* EXERCISE REQUIREMENTS:
The reply should be the records repeated exactly, without any images.
(Beginning of RECORDS FOR THIS TASK)
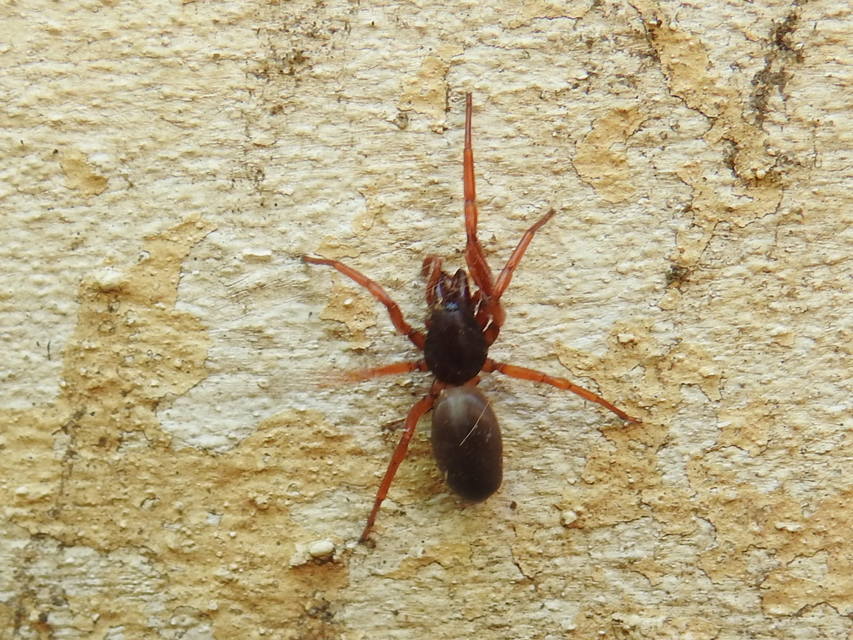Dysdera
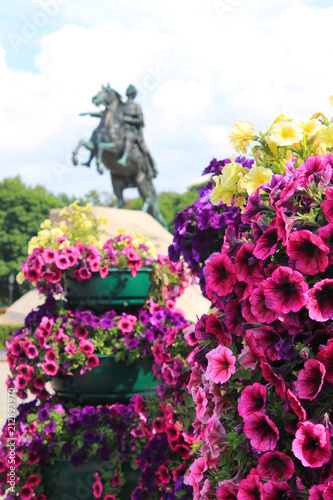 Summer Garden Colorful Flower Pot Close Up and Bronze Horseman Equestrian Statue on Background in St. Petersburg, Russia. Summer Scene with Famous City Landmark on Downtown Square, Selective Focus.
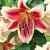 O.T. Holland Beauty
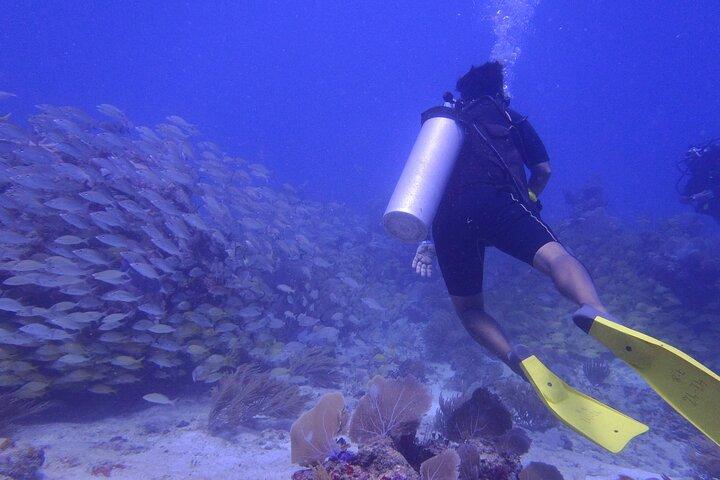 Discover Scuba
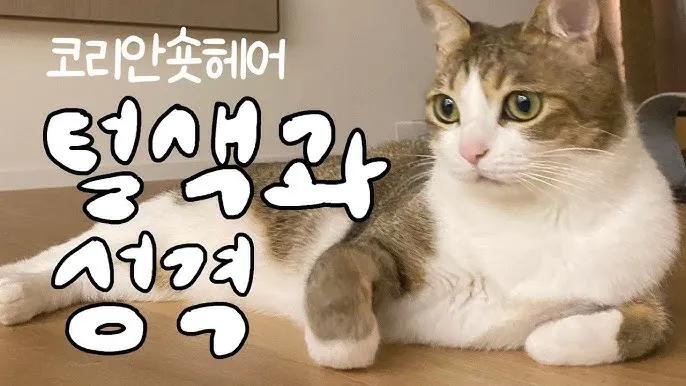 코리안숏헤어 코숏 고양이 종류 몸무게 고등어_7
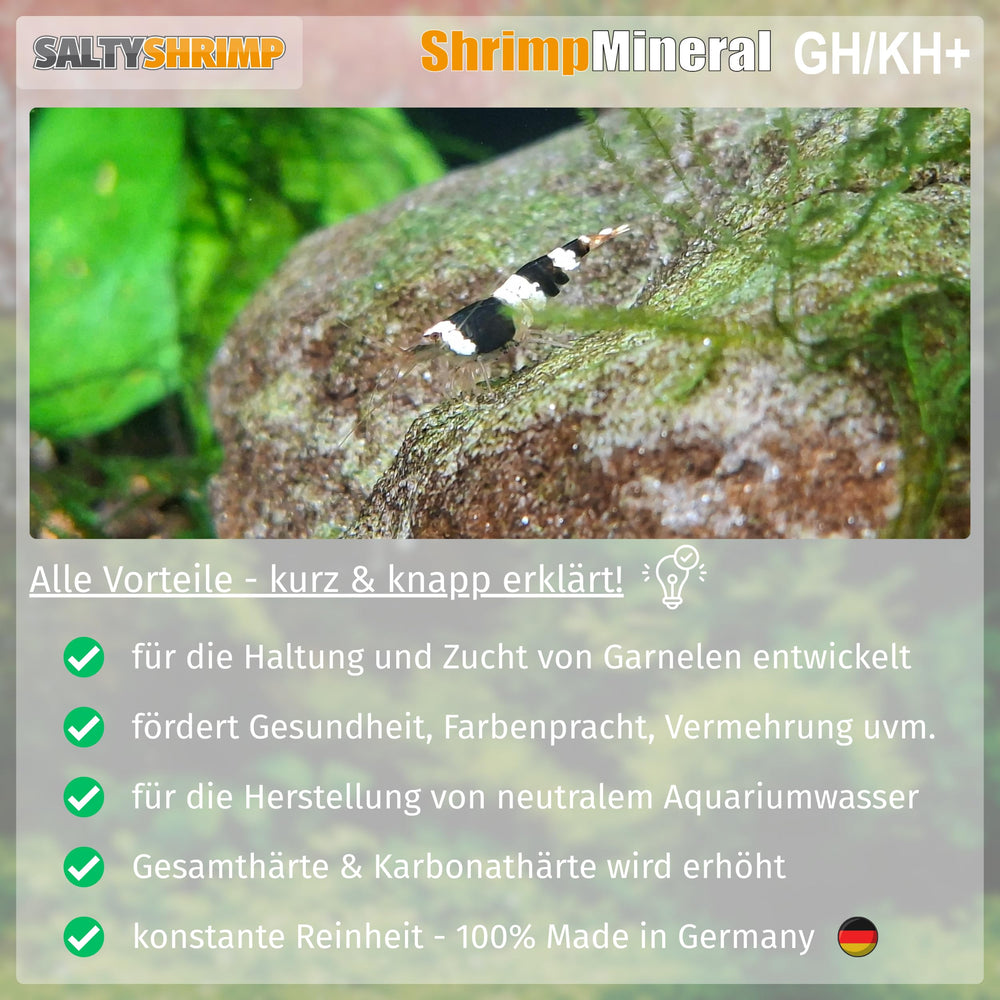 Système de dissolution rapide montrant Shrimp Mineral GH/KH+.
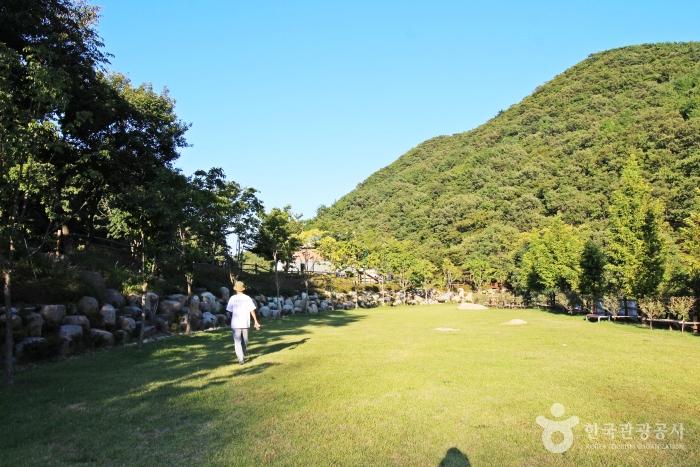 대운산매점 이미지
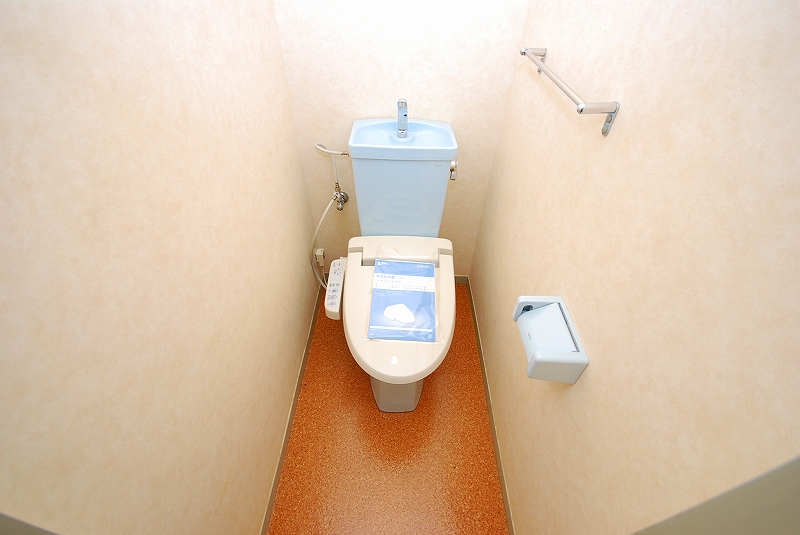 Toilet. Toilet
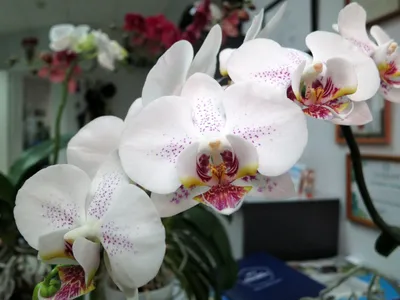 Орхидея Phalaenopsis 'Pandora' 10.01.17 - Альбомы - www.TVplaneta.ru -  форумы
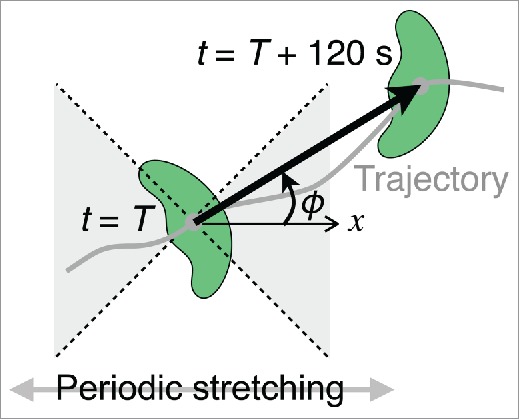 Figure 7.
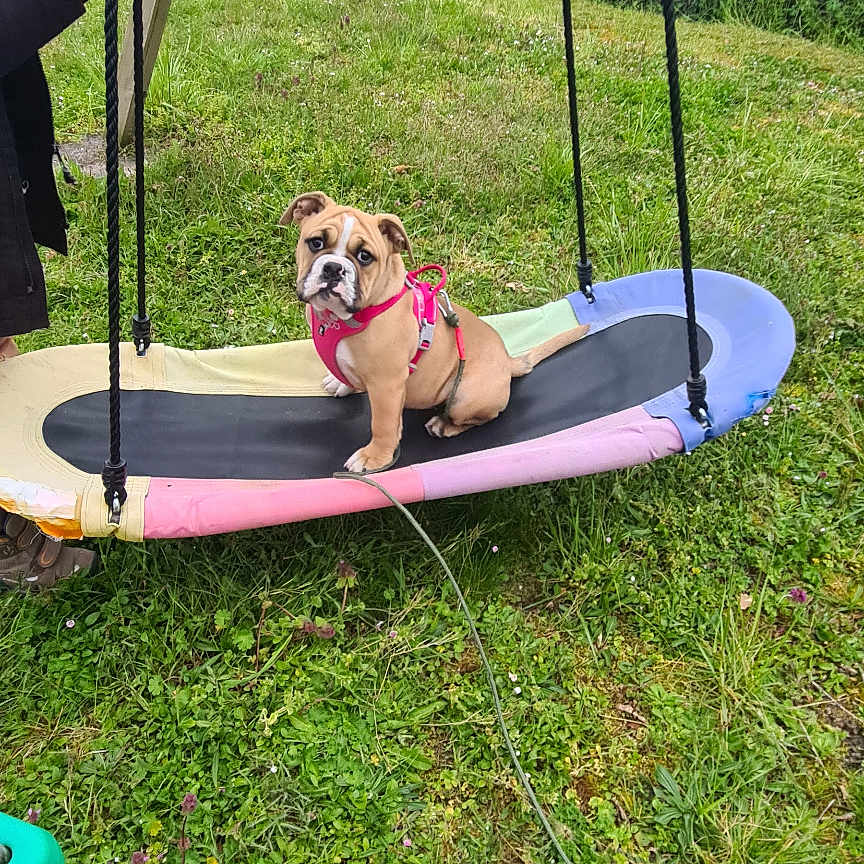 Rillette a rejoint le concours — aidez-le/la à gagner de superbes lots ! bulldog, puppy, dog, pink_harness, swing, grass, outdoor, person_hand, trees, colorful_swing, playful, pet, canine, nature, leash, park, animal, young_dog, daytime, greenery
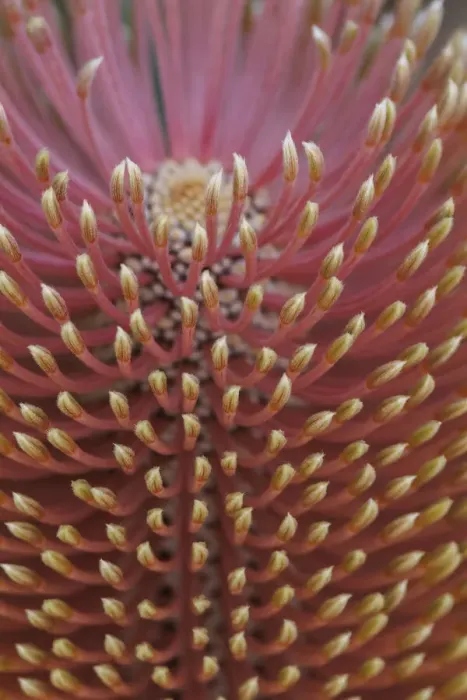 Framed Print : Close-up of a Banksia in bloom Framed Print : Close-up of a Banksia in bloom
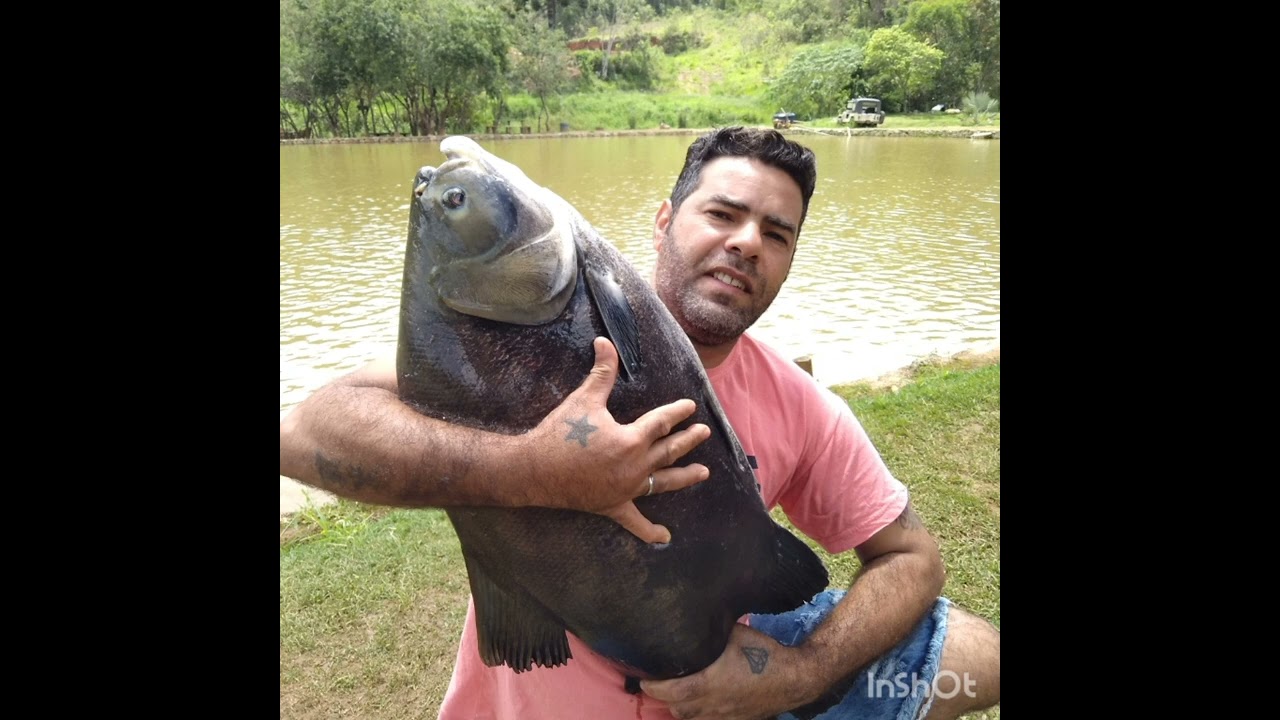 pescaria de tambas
(End of RECORDS FOR THIS TASK)
* RESPONSE BOX:
Dysdera
 Summer Garden Colorful Flower Pot Close Up and Bronze Horseman Equestrian Statue on Background in St. Petersburg, Russia. Summer Scene with Famous City Landmark on Downtown Square, Selective Focus.
 O.T. Holland Beauty
 Discover Scuba
 코리안숏헤어 코숏 고양이 종류 몸무게 고등어_7
 Système de dissolution rapide montrant Shrimp Mineral GH/KH+.
 대운산매점 이미지
 Toilet. Toilet
 Орхидея Phalaenopsis 'Pandora' 10.01.17 - Альбомы - www.TVplaneta.ru -  форумы
 Figure 7.
 Rillette a rejoint le concours — aidez-le/la à gagner de superbes lots ! bulldog, puppy, dog, pink_harness, swing, grass, outdoor, person_hand, trees, colorful_swing, playful, pet, canine, nature, leash, park, animal, young_dog, daytime, greenery
 Framed Print : Close-up of a Banksia in bloom Framed Print : Close-up of a Banksia in bloom
 pescaria de tambas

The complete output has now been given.